Your work has always had some political implications, even when it is loaded with a highly evocative, aesthetic value. How did you come up with the idea of using smoke bombs, which bring to mind street conflicts, war scenarios and terrorist attacks, to develop an idiosyncratic take on the landscape and nature? This is because our collaboration began in a climate of political activism. We met for the first time in a cyberfeminist group in 1998. goldiechiari embraced multiple-use names, such as Luther Blisset, with the idea of creating a feminist collective. Politics, sociology and activism are some constants in our work, from the first works that reflected on gender self-representation and identity boundaries as a submerged struggle – Cu-CuDump Queen and Welcome – through to more complex research works in Italian history, such as Genealogie di Damnatio MemoriaeLa démocratie est illusionPatria e Dispositivi di rimozione. By using smoke bombs, we wanted to combine pictorial references with the typical scenery in which we are used to seeing them, such as street demonstrations, danger signals, war and industrial zones. Our compositions are inspired by the dramatic skies depicted by artists associated with the tradition of landscape painting and, in particular, by the late period of painter William Turner, when his skies become almost abstract.
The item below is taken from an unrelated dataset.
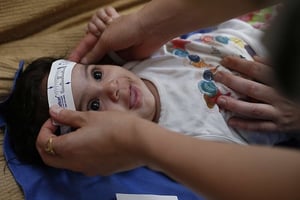 Les autorités brésiliennes mesurent le crâne d’un enfant de trois mois dans le cadre d’études pour déterminer le lien entre Zika et la microcéphalie. © Andre Penner/AP/SIPA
While we were carrying out research for the making of our Untitled Views, we went to see the Late Turner: Painting Set Free exhibition at Tate Britain, London (2014-2015). In practice, we often explored pictorial tradition as part of our work, trying to deconstruct ideal natural landscapes through photography, mixing the natural with the artificial, because as Bruno Latour said: “Beware of purity. It is the vitriol of the soul.”
Goldschmied & Chiari, photo by Toni Thorimbert
Goldschmied & Chiari (Sara Goldschmied, Arzignano 1975 - Eleonora Chiari, Rome 1971) founded the goldiechiari duo in 2001. Since 2014 they have been working with the name Goldschmied & Chiari in Milan. Among the most recent personal exhibitions: Paesaggi Artificiali / Artificial Landscapes, Galleria Poggiali, Pietrasanta and Milan (2019); Eclisse, Museo Novecento, Florence (2019); Gioielli di famiglia, The Open Box, Milan (2018); Vice Versa, Kristen Lorello, New York (2017). They have achieved national and international recognition by collaborating with institutions and museums.